Problem statement: Report each line of the data below in which "Blue" appears.

Exercise input:
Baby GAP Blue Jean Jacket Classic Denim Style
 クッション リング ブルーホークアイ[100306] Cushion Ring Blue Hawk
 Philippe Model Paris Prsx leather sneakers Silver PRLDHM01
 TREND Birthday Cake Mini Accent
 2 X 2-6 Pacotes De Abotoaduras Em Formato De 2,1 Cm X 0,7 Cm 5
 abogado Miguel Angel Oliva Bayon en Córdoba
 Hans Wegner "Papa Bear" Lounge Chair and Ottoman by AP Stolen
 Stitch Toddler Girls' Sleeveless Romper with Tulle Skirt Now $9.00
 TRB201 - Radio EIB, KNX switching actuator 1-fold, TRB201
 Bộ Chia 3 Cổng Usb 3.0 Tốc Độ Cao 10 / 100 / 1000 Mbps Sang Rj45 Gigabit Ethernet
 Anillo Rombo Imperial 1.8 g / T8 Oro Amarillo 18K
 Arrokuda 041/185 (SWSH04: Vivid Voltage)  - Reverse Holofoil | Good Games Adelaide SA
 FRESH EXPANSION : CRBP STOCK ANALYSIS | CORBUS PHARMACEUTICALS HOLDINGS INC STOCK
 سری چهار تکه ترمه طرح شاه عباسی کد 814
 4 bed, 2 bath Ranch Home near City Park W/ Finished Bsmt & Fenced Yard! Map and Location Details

Task solution:
Baby GAP Blue Jean Jacket Classic Denim Style
 クッション リング ブルーホークアイ[100306] Cushion Ring Blue Hawk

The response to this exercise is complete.